Work task: Go to the line holding "EVERGLIMP — Oring" in the entries below and write out exactly every line down to and including the line holding "Einteiler von MiniSouls".

+ + + + +

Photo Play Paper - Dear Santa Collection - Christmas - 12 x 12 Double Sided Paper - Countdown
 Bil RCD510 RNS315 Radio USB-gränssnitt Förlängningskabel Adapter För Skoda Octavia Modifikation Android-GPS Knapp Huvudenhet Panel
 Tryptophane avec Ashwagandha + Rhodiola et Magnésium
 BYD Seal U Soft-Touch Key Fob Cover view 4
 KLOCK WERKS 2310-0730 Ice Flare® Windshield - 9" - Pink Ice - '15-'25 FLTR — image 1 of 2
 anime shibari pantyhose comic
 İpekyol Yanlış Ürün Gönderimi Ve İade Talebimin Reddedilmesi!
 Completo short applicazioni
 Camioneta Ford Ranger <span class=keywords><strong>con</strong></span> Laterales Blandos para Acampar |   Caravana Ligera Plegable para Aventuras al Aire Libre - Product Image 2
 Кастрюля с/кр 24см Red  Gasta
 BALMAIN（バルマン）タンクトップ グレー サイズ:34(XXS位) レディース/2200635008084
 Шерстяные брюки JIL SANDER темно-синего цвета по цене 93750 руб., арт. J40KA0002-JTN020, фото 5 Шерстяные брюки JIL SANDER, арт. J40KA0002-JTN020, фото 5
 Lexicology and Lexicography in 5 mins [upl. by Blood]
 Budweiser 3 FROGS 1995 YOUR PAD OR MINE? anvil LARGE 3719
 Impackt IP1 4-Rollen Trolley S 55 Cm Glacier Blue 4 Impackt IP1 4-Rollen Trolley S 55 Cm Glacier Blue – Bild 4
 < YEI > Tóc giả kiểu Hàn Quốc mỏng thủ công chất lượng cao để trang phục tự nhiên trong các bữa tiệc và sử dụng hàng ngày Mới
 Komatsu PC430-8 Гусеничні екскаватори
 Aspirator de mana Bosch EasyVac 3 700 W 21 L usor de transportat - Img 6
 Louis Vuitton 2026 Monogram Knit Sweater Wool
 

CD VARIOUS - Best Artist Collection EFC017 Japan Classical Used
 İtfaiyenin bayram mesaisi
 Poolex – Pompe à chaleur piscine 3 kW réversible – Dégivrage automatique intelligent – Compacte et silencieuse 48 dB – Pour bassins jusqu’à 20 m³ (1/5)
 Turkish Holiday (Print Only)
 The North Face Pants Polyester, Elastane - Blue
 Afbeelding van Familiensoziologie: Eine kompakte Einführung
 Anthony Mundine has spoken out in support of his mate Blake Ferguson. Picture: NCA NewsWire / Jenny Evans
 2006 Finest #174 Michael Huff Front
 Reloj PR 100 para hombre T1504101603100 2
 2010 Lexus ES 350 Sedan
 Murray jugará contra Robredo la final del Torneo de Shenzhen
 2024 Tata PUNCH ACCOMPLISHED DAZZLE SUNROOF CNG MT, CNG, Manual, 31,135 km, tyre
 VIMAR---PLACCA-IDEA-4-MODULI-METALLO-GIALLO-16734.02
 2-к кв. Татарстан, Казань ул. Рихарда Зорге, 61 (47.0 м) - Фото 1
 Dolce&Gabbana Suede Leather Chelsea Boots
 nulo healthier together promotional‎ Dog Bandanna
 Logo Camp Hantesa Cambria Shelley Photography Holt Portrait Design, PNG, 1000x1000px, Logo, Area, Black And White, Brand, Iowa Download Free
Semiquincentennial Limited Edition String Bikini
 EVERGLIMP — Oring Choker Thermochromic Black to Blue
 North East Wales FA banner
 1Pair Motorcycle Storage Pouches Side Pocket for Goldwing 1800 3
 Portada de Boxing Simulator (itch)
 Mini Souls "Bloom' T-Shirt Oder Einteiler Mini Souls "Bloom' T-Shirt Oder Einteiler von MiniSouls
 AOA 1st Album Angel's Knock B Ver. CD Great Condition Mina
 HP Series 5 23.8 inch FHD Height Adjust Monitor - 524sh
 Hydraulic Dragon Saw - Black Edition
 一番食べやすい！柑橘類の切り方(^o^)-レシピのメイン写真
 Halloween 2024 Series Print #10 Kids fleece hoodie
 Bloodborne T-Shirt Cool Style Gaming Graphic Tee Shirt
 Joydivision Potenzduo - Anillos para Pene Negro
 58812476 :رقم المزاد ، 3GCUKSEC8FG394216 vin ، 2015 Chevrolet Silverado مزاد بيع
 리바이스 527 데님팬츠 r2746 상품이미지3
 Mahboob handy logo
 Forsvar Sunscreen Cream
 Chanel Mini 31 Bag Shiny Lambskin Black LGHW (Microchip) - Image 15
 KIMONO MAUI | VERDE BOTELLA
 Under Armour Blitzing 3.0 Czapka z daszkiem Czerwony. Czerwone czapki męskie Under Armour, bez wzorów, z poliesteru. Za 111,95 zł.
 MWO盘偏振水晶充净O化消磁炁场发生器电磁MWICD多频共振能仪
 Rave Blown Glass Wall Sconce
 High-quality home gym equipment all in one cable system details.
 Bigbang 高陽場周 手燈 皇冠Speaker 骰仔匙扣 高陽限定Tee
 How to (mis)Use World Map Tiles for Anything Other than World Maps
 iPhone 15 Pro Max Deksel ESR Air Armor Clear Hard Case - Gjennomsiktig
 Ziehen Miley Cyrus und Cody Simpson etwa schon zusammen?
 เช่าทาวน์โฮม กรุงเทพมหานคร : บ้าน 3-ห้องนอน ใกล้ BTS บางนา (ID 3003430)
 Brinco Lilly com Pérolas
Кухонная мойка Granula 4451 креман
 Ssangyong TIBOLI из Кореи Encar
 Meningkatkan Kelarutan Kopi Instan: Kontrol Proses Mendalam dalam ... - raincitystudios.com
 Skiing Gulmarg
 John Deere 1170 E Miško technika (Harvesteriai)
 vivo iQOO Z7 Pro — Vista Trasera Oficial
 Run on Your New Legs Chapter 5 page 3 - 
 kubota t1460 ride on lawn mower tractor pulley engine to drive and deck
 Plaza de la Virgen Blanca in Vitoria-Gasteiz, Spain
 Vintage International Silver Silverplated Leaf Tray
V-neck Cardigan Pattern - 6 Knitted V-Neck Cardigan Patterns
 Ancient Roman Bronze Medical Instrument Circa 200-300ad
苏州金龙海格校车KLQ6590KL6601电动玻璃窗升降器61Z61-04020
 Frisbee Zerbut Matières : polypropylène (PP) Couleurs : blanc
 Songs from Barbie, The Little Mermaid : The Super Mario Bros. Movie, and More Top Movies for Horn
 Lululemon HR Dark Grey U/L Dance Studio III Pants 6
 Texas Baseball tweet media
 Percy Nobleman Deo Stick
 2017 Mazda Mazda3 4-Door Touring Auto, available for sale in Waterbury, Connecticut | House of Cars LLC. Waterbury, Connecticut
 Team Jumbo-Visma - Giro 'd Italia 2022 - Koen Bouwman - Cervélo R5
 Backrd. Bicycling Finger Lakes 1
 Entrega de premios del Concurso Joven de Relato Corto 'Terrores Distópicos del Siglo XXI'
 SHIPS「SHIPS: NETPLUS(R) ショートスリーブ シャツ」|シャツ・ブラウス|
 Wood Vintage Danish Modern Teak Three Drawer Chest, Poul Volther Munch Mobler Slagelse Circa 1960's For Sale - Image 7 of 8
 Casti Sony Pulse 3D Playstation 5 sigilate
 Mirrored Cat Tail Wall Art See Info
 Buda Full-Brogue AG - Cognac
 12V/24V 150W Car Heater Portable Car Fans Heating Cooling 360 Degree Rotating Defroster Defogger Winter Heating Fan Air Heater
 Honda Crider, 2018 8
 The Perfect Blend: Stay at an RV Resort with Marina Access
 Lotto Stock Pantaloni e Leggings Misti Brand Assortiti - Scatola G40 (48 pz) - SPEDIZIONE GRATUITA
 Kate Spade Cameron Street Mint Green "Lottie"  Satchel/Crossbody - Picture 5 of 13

+ + + + +

Output for this exercise:
 EVERGLIMP — Oring Choker Thermochromic Black to Blue
 North East Wales FA banner
 1Pair Motorcycle Storage Pouches Side Pocket for Goldwing 1800 3
 Portada de Boxing Simulator (itch)
 Mini Souls "Bloom' T-Shirt Oder Einteiler Mini Souls "Bloom' T-Shirt Oder Einteiler von MiniSouls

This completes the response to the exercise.